In testimony before the Senate Armed Services Committee, General Paul Selva, vice chairman of the Joint Chiefs of Staff, stated that the Democratic People's Republic of Korea (DPRK) has "clearly" demonstrated the capability to land a nuclear warhead on mainland US territory but cannot do it "with any degree of accuracy," Stars and Stripes reported.
Selva, speaking on Capitol Hill, attempted to calm the fears of some lawmakers by stating, "I do agree in principle with the assessment that the North Koreans are moving quickly to develop an intercontinental ballistic missile," but added that Pyongyang has not demonstrated "the capacity to strike the United States with any degree of accuracy or reasonable confidence of success."
In observational and surveillance data following the July 4 launch of what Washington has claimed was the DPRK's first ICBM, Pentagon intelligence services suggested that the new long-range Hwasong-14 missile has inferior guidance controls and lacks the re-entry targeting technology required for weapon accuracy, according to Stripes.com.
The DPRK Hwasong-14 attained an altitude of some 1,550 miles, traveling downrange about 580 miles before plummeting into the sea between Japan and the Korean Peninsula.
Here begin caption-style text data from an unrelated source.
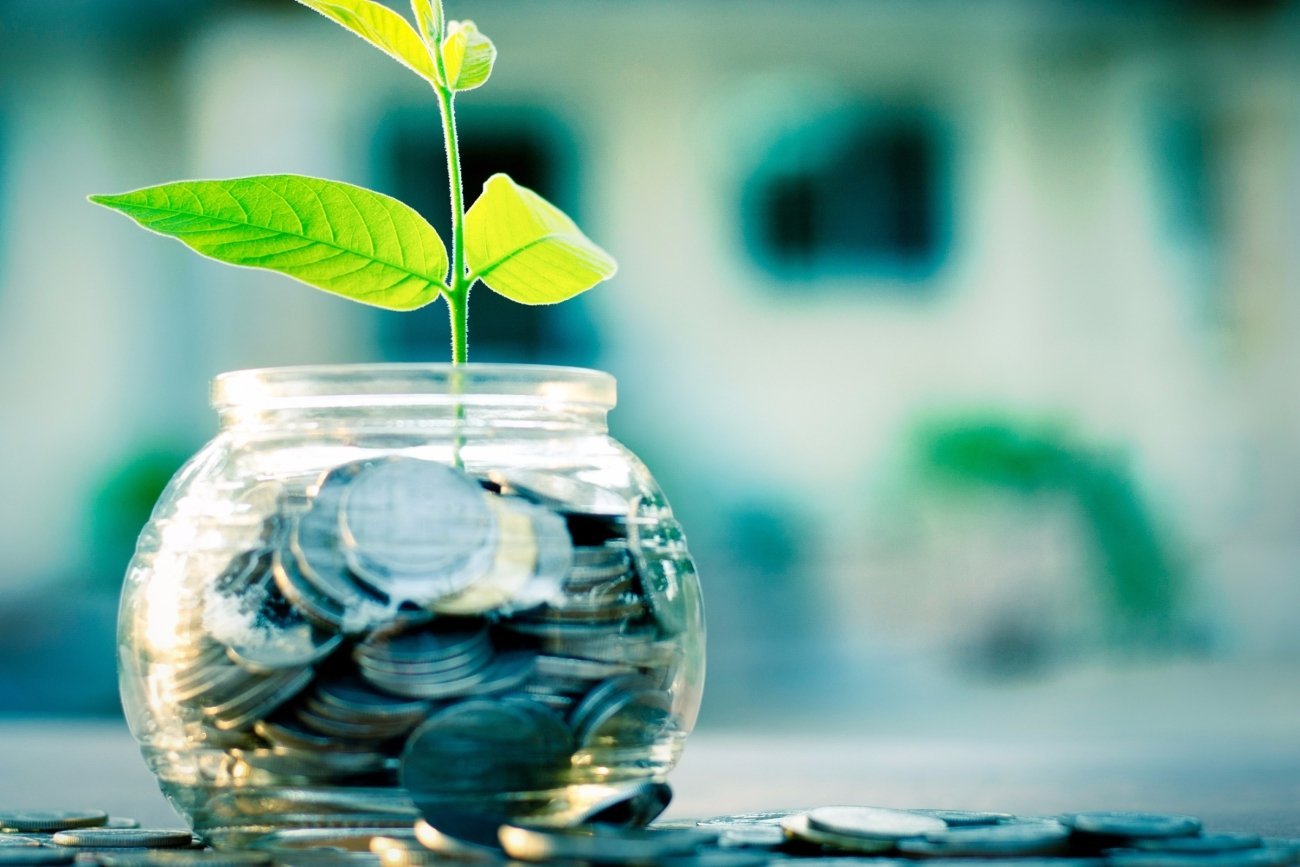 20150825140419-investments-banking-wealth-money-coins-plant-growth-success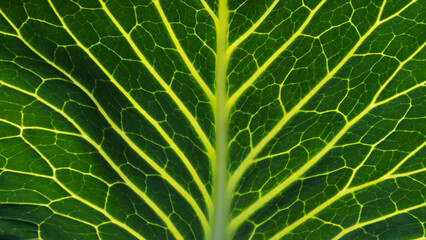 Close-up of the background. A green cabbage leaf illuminated with streaks illuminated from the inside.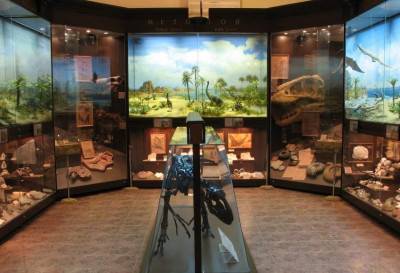 Биологический музей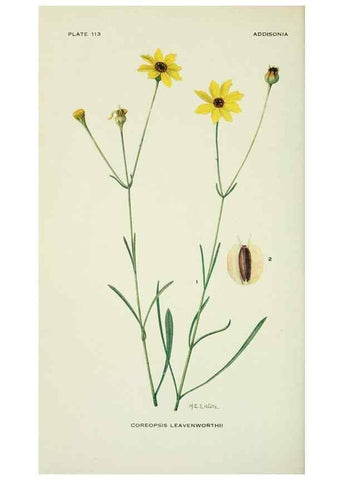 Reproducción/Reproduction 28895423630: Addisonia :. New York :New York Botanical Garden,1916-[1964].
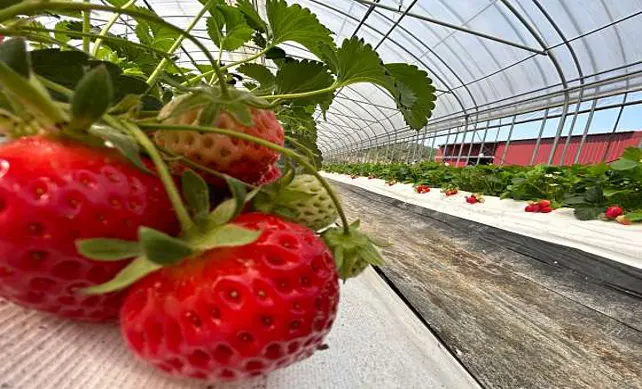 머시머시체험농장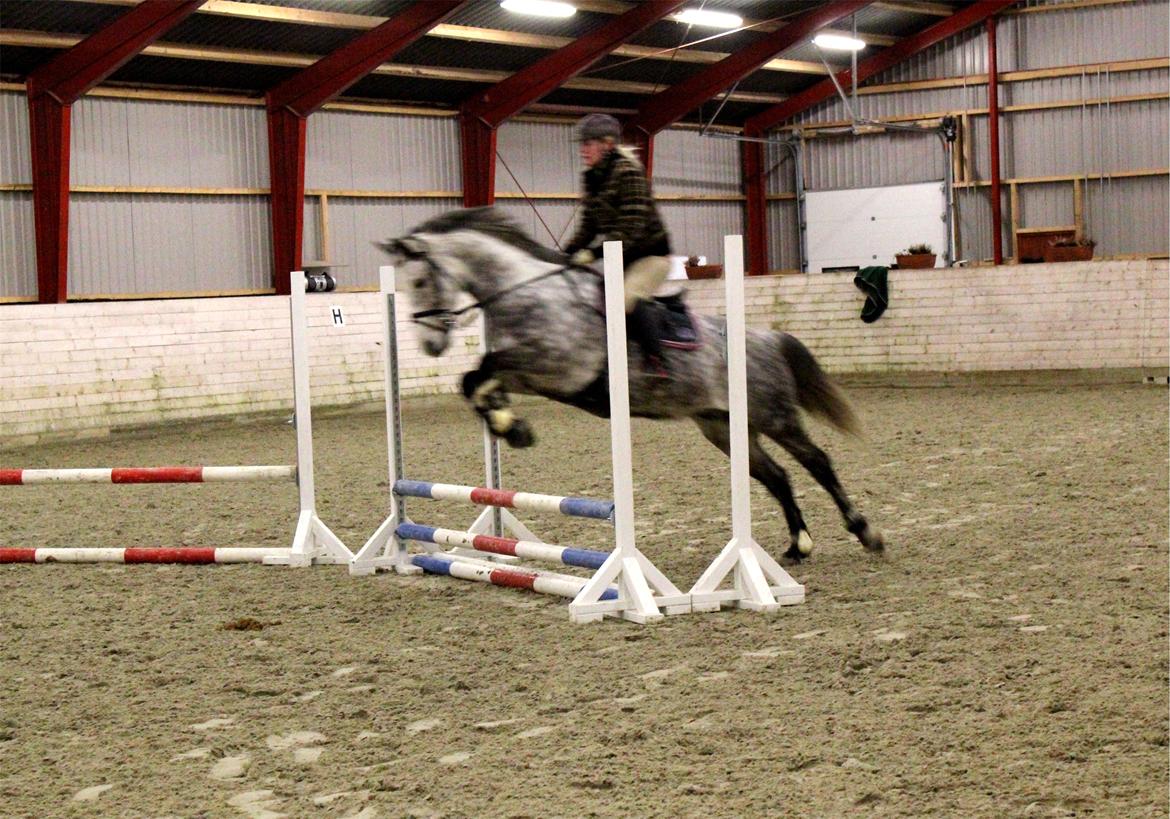 Arabisk fuldblod (OX) Milton billede 1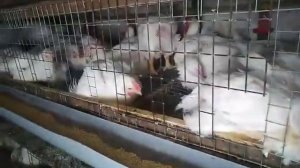 КЛЕТКА ДЛЯ БРОЙЛЕРОВ / Содержание бройлеров в клетках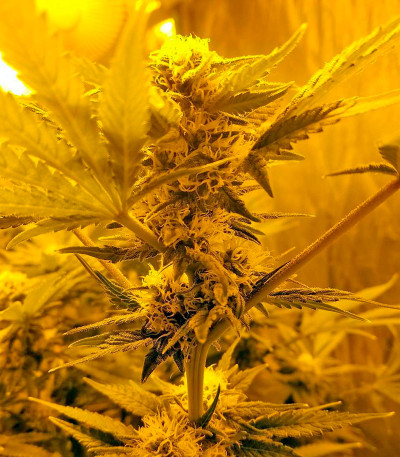 Семена сорта Northern Lights fem (00 Seeds)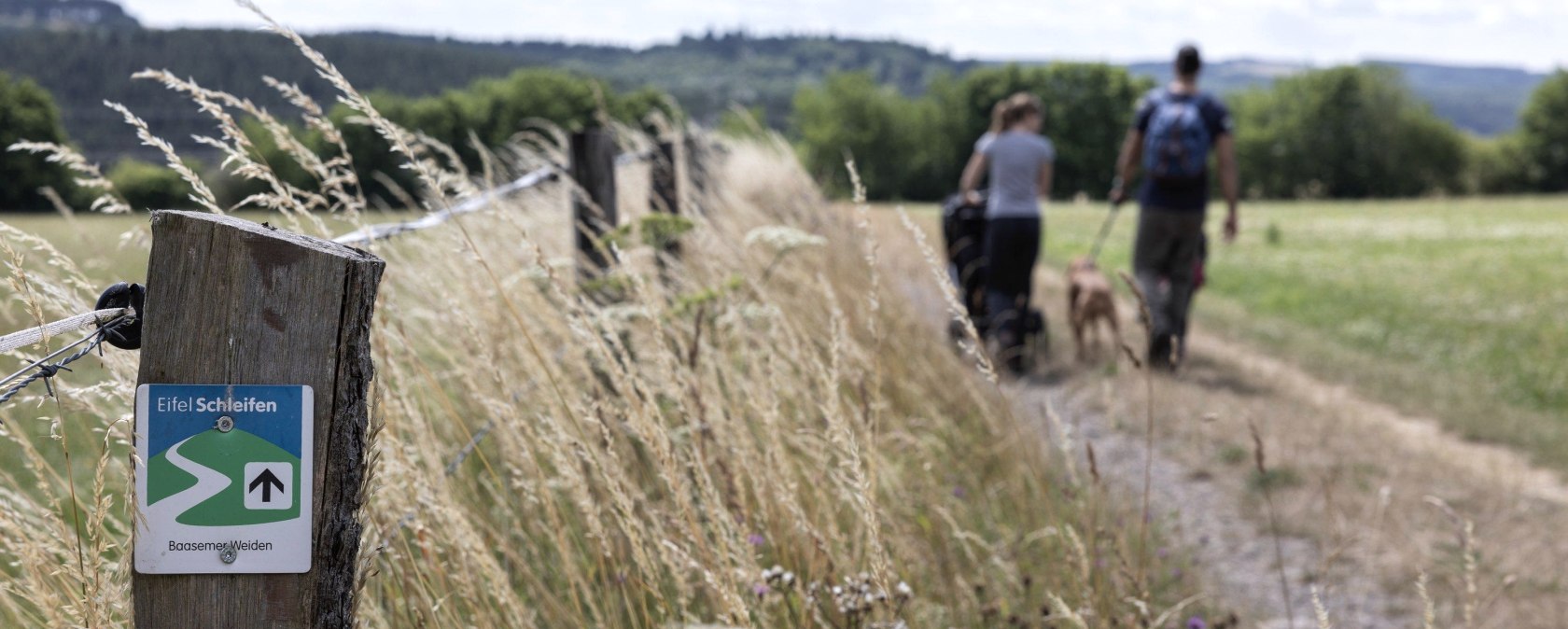 Wanderung f&uuml;r Familien, &copy; Eifel Tourismus GmbH - Tobias Vollmer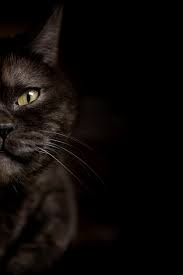 half face of black cat with yellow eyes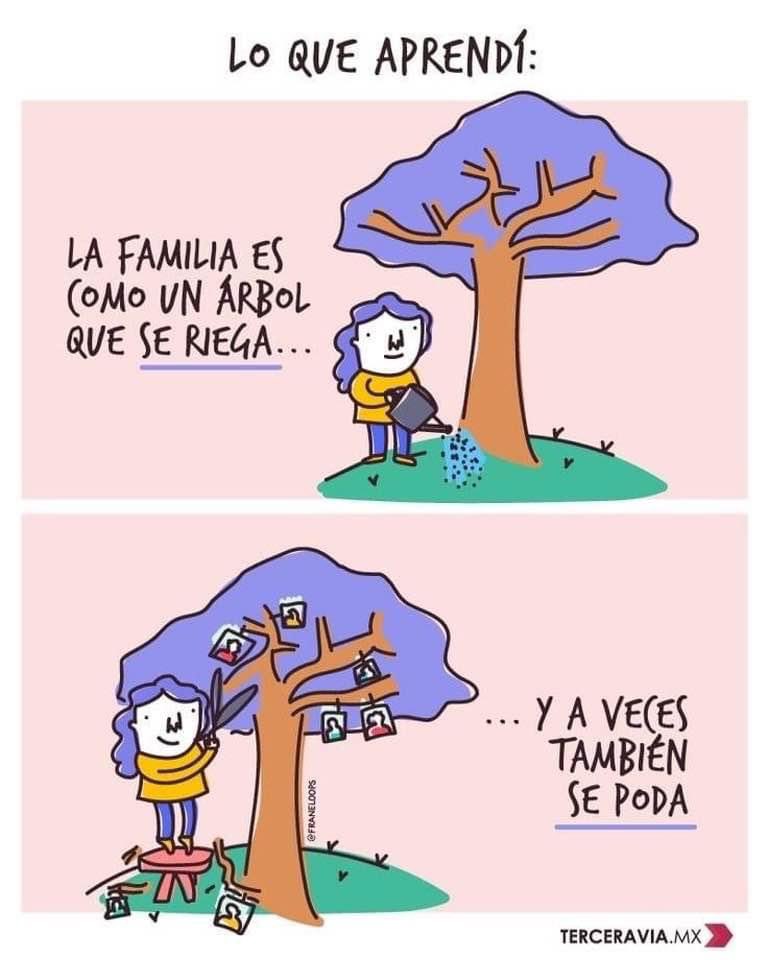 NoeCabrera1802's tweet photo. Buenos días!!! https://t.co/QUGJ57Uwj8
Weapons experts have put the Hwasong-14's potential range at some 5,000 miles.
"On range they clearly have the capability," Selva said during his testimony to lawmakers.
The Joint Chiefs of Staff vice chair remarked, however, that his office was "reasonably confident in the ability of our intelligence community to monitor the testing but not the deployment of these missile systems," as DPRK forces "are very good at camouflage, concealment and deception," cited by Stripes.com.
Selva, when asked about pre-emptive military attacks against the DPRK by the US and its allies, answered that "I think we have to entertain that potential option," but added, "We need to think seriously about what the consequences of that action might be."